What is the best way to understand a gigantic codebase with thousands of lines of code? Simplify it! I.e. the creation of a mini-app. This is also the best thing to do for a hackathon, because you can capture algorithmic complexity, main pain points, and you end up with a smaller application that is easy to build, easy to verify, and low stakes if you completely break it!
How does one create a mini-app? First, ask the oceanographers what are the pain points! They'll quickly tell you about the
"dynamical core", which is where the basic physics are solved, i.e. the fluid mechanics part of the code. The crucial bit
here is to adopt a "how hard can it be?" mentality, be positive. I was quickly pointed to the file MOM_dyn_split_RK2.F90,
which contains the main RK2 timestepping procedure. Fortran is our friend here, there is not a lot of object orientation
shenanigans happening, i.e. what you read is what you get (most of the time). The RK2 step can be summarized as:
!! The split RK2 scheme:
!! 1. Predictor phase:
!! - Compute horizontal viscosity
!! - Compute Coriolis/momentum advection (CAu, CAv)
!! - Apply vertical viscosity
!! - Advance barotropic mode (fast 2D dynamics)

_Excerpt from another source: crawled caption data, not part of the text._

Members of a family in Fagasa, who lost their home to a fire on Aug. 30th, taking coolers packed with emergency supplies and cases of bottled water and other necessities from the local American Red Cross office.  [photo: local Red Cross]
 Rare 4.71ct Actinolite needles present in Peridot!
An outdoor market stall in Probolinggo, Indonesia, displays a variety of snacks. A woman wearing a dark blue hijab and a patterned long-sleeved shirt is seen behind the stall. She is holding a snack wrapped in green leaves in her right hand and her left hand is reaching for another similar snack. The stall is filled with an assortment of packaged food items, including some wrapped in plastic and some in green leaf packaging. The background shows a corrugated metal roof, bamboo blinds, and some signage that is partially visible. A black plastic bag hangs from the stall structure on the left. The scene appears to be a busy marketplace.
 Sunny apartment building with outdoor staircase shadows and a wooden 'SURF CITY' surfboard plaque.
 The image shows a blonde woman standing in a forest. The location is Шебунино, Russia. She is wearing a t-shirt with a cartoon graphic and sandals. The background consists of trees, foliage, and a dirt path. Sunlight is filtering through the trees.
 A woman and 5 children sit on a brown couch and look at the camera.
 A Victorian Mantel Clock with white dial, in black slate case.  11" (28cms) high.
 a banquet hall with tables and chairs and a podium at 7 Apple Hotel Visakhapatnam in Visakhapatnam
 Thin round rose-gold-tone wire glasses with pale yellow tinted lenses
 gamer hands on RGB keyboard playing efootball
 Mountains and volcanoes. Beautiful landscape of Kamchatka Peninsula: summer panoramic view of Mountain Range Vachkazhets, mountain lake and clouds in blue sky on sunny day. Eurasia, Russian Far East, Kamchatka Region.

!! - Update layer thicknesses via continuity
!! 2. Corrector phase:
!! - Recompute tendencies with updated state
!! - Apply vertical viscosity
!! - Final barotropic step
!! - Final continuity update
!!
Don't get too distracted by initialization procedures, those might look ugly but once you pay attention they are simply setting arrays to something. The above algorithm has done most of the work for us now! We now know what routines we need to look for:
- Horizontal/Vertical viscosities
- Coriolis
- Barotropic solver
- Continuity
A key concept here can be extracted from MOM, the first M means "modular". Each physics engine should be a module, i.e. it should be able to be run as standalone. Why? Because if I only want to optimize the Coriolis routines, why should I have to run everything else? So when creating a mini-app always try to have a separation of concerns.
We go into the magical place that is MOM6/src/core, which is where most of the routines we're interested in are. The viscosities are parametrizations, i.e.
approximations to extremely annoying physics. If you're feeling adventurous code up a non-hydrostatic solver that tries to resolve the vertical physics. It is
_ a w f u l_. Here we have:
MOM_barotropic.F90
MOM_continuity_PPM.F90
MOM_CoriolisAdv.F90
So then we follow the MOM_dyn_split_RK2.F90 to find the function names that are the most interesting, for simplicity we will do the call btstep(..). Inside
a MOM6 subroutine, we can think of them like:
subroutine btstep(....)
real :: x
integer :: y
logical :: a
! indices mapping
is = G%isc ; ie = G%iec ; js = G%jsc ; je = G%jec ; nz = GV%ke
! bookkeeping (timing, profiling)
if(OBC) then
endif
! halo updates (look for do_group_pass)
call create_group_pass(...)
! begin real work
...
end subroutine btstep
OBCs etc. will make your life less overwhelming. Once in, the magic is just realizing the loops are just loops!
do j=js,je ; do I=is-1,ie
uhbt0(I,j) = uhbt(I,j) - find_uhbt(dt*ubt(I,j), BTCL_u(I,j)) * Idt
enddo ; enddo
As you go into the routine you'll realize that there are patterns. Certain routines loop over certain indices, there's us and vs and you start quickly
noticing how the algorithms are structured. This is the way, you simply just continue doing this with a lot of patience.
The mini-app is a work of hackathon and obsession, trying to compare lots of stuff (serial, openmp, openacc, cuda-fortran) just to get knowledge about the advantages and disadvantages of each approach. Testing performance without having to worry too much about breaking MOM6.